27. Juni 2006 • Risikotragung bei Naturgefahren. Optionen effizienter Lösungen für Österreich • Franz Sinabell

In Österreich ist die private Schadensvorsorge gegen Risiken von Naturgefahren unzureichend. Wenn Katastrophen auftreten, tragen die Betroffenen einen großen Teil der Schäden selbst. Internationale Beispiele zeigen, dass durch Versicherungslösungen solche Mängel überwunden werden können. Eine effiziente Risikoteilung bedeutet den Rückzug des Staates aus der laufenden Schadensabdeckung, einen breiten (oft verpflichtenden) Versicherungsschutz potentiell Betroffener und eine starke Beteiligung des Staates in der Vorsorge, im Katastrophenschutz und im Fall von Extremereignissen.

Aufgrund der topographischen Gegebenheiten ist Österreich Naturgefahren besonders ausgesetzt. In den letzten Jahren hinterließen große Hochwasserereignisse beträchtliche Schäden (laut Schätzungen der Bundesregierung 2002 etwa 2,9 Mrd. Euro und 2005 etwa 0,6 Mrd. Euro). Lawinenabgänge, Hangrutschungen und Vermurung verursachen ebenfalls häufig Schäden; in Österreich besteht auch die Gefahr seltener Ereignisse wie Erdbeben.
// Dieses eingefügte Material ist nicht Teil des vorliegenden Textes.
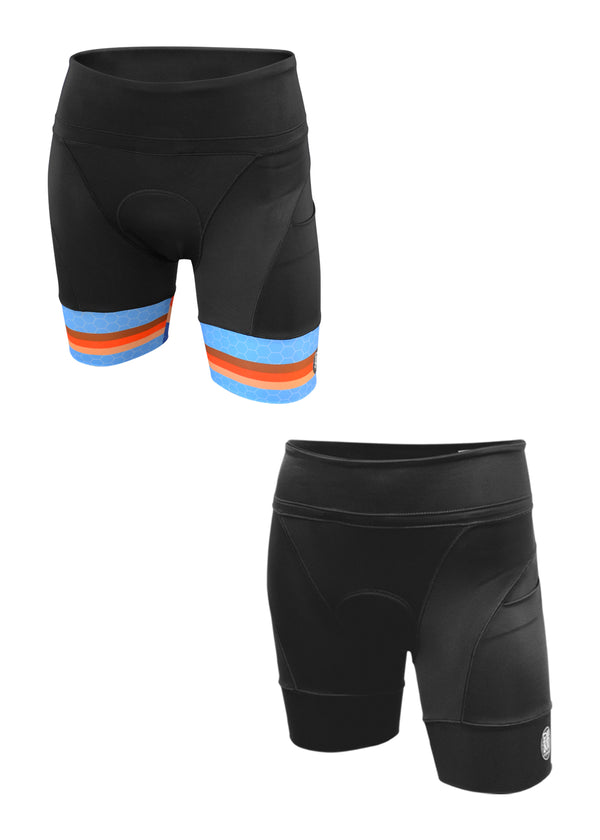 Pantalones cortos de triatlón Riviera para mujer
Das Ausmaß der volkswirtschaftlichen Schäden übersteigt die Schäden von Privatpersonen und der privaten Wirtschaft dabei meist, weil die Wiederherstellung von Infrastruktur Ressourcen bindet und Ökoschäden eine regelmäßige Folge von Naturereignissen sind.

Ein gut funktionierender Risikotransfer von den Betroffenen auf Versicherungen vermindert die wirtschaftliche Belastung durch Naturereignisse. Bereits vor dem Eintreten der Ereignissen geschieht dies durch Anreize zu Vorsorgemaßnahmen. Nach dem Eintritt tragen ein Risikoausgleich innerhalb einer Versichertengemeinschaft anstelle hoher Selbstbehalte sowie eine rasche und effektive Schadensabwicklung zur Begrenzung der wirtschaftlichen Folgen bei.
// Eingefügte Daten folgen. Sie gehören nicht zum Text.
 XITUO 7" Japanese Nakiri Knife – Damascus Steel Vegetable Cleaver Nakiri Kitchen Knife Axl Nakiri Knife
Wie ein internationaler Vergleich von Risikotransfersystemen zeigt, gibt es in der Praxis kein System, das die Anforderungen der Betroffenen, der Versicherungswirtschaft und des Staates gleichermaßen gut erfüllen würde. Je nach Gefährdungslage und institutionellen Voraussetzungen wurden in vielen Ländern im Detail zwar abweichende, aber grundsätzlich ähnliche Zugänge entwickelt, die sich folgendermaßen zusammenfassen lassen: Der Staat kann sich aus der Rolle eines Erstversicherers gegen Naturgefahren völlig zurückziehen, wenn sich ein ausreichend großes Versichertenkollektiv gegen solche Risken versichert – entweder durch Pflichtversicherungen (z. B. Schweiz, Spanien, Frankreich) oder durch Konventionen wie in England, wo traditionell die Risken von Naturgefahren in herkömmlichen Sachversicherungen gedeckt sind.
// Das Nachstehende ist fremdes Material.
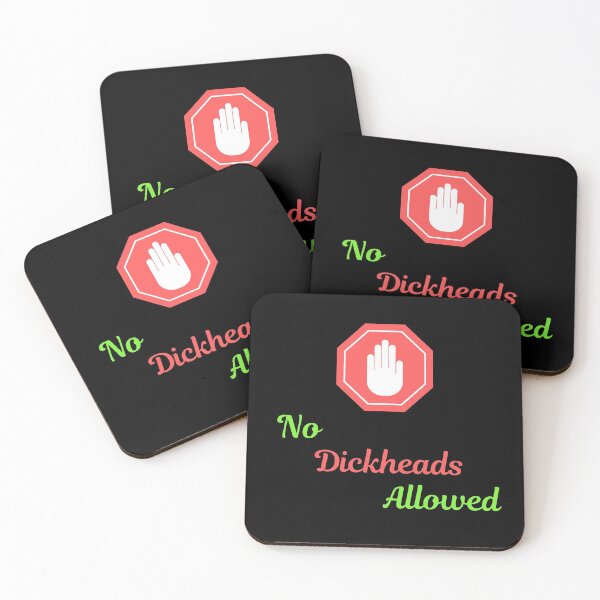 Item preview, No Dickheads Allowed (First Edition) designed and sold by TheShahinDesign.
In Österreich besteht hingegen ein hybrides System, in dem ein großer Teil der Schäden durch die Betroffenen selbst getragen wird. Finanziert wird der Schadenersatz teils aus Steuermitteln (Katastrophenhilfe), teils aus Prämieneinnahmen (private Versicherer), teils durch private Spenden (nach großen Ereignissen). Nur ein Teil – häufig weniger als die Hälfte – der direkten Schäden am Vermögen Privater wird durch öffentliche Beihilfen nach Katastrophen ersetzt. Den Richtlinien entsprechend vermindern Leistungen privater Versicherer in fast allen Bundesländern die anrechenbare Schadenssumme. Auch private Versicherer decken in der Regel nach Abzug eines Selbstbehalts Schäden nur bis zu einer bestimmten Grenze.

Katastrophenversicherungen bieten hier einige Vorteile: Ein hoher Selbstbehalt der Betroffenen wird vermieden, nach dem Risiko differenzierte Prämien entfalten einen Anreiz zur Schadenprävention, und der Staat kann sich aus dieser Aufgabe weitgehend zurückziehen. Trotzdem verbleibt dem Staat in einer Versicherungslösung eine zentrale Rolle in den Bereichen der Informationsbereitstellung (z. B. HORA), der Durchführung von Vorbeugemaßnahmen, im direkten Katastrophenmanagement, in der Schaffung eines effizienten Versicherungsmarktes und in einer Rückversicherung, wenn die Schäden aus Großereignissen die Deckungskraft der Versicherungswirtschaft übersteigen.